Yine bizim köyde bu tür hikayelerden sonra “Me anî ser çi?” (bunu neye örnek olsun diye anlattık?) derler. Kıssadan hisse yani.
Demem o ki çobanlık mühim bir iştir. Bir arada güdülecek hayvanlar vardır, hiçbir şartta bir arada güdülmeyecek olanlar vardır. Mesela manda ile dana bir süre bir arada tutsan bile bir süre sonra yeni çevresel şartlar ortaya çıktığında her biri kendi doğasına, içgüdüsüne göre hareket edecek ve doğal olarak düzen alt üst olacak.
Cebri tedbirler alınır da biri diğerinin doğasına uymaya zorlanırsa nefessiz kalıp ayakları dikmesi kaçınılmaz olacaktır. Bu yüzden çobanlık insanın yöneticilik niteliğini geliştirdiği bir meslektir (gördüğünüz gibi evrenselliğin yolu bizim köyden geçiyor. Öyle durduk yerde büyük yazar olunmuyor anlayacağınız).
Peki, farklı doğalara sahip cinsler hiçbir arada güdülmez mi? Elbette güdülür. Yeter ki her birinin kendi doğasına göre hareket edebildiği bir ortam oluşturulsun. Hikayenin sonunda bizim köylünün “hikmet diye bir şey var” dediği şey.

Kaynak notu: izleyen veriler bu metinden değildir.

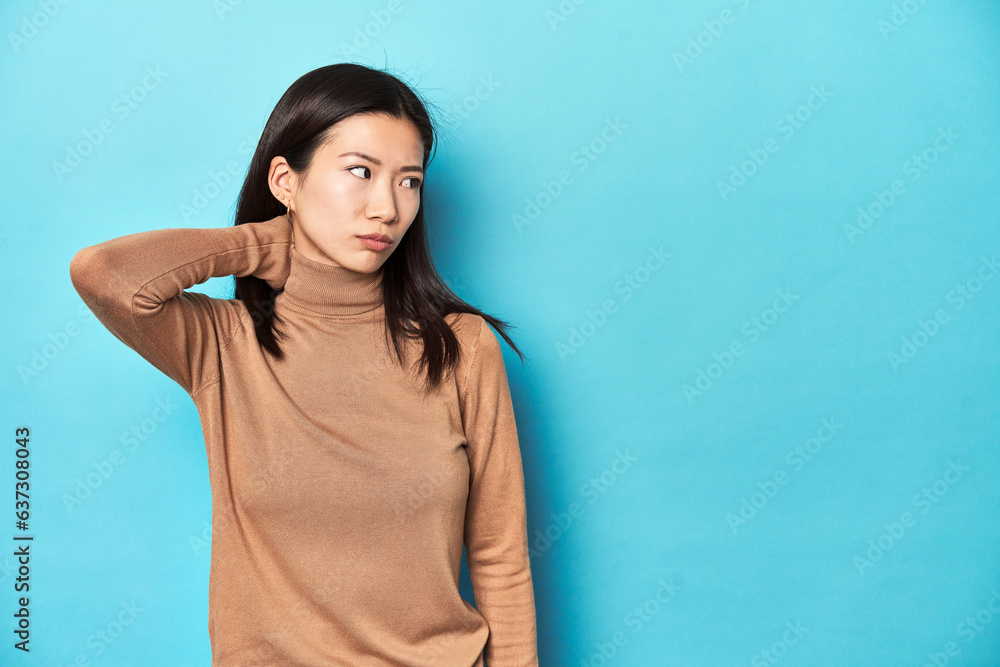 Young Asian woman in brown turtleneck, touching back of head, thinking and making a choice. Young Asian woman in brown turtleneck, touching back of head, thinking and making a choice.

Peygamberimiz de “Hepiniz çobansınız ve hepiniz güttüğünüzden sorumlusunuz” buyurmuştur. Bazıları bu hadisi devlet başkanı ile vatandaşların ilişkisi şeklinde anlıyor ki evrensel hakikatle örtüşmüyor. Çünkü devlet yönetimi bağlamındaki ilişki yönetim piramidinin son noktası mesabesindedir. Zaten peygamberimiz de bu hadiste “hepiniz” diyor. Yani herkes her bakımdan yönetici ve aynı zamanda yönetilen konumundadır.
İnsan hayatının çeşitli aşamalarını gözlemlediğimiz zaman bu gerçeği rahatlıkla görebiliriz. Önemli olan elmalar ile armutların toplanamayacağını bilmek gibi herkesin her bakımdan aynı kalıba sokulmayacağını bilmektir.

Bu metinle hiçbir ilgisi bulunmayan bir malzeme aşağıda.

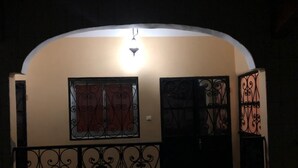 En välvd entré med dekorativa järngaller, en lampa ovanför och en dörr med ett fönster.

Bu yüzden yönetimde hikmet çok önemlidir. Hikmet, her şeyi ait olduğu yere koymak demektir. O nedenle Arapça’da yönetime hükümet, yöneticilere de hakim denmiştir. Hikmetle hareket edenler yani. Eğer farklı tabiatlara, özelliklere sahip toplumları belli bir kümenin tabiatı, özelliği çerçevesinde idare etmeye kalkarsanız hikmete aykırı hareket etmiş olursunuz. Sonunda ikisinden biri nefessiz kalıp boğulacaktır. Son ABD olaylarında olduğu gibi. Beyazın çıkarına göre şekillenmiş yönetimde siyah adamların nefessiz kalmaları kaçınılmazdır.
Gördüğünüz gibi bizim köyde ortaya çıkan küçük bir hikayeyi evrenselliğin en tepesi Amerika’ya kadar götürdüm. Arada kalanları da siz düşünün, hikmeti hükümet berdevam mı yoksa nefessiz kalan birileri var mı?
(Büyük yazarlar her şeyi anlatmazlar, bazı şeyleri okuyucuya bırakırlar nitekim.)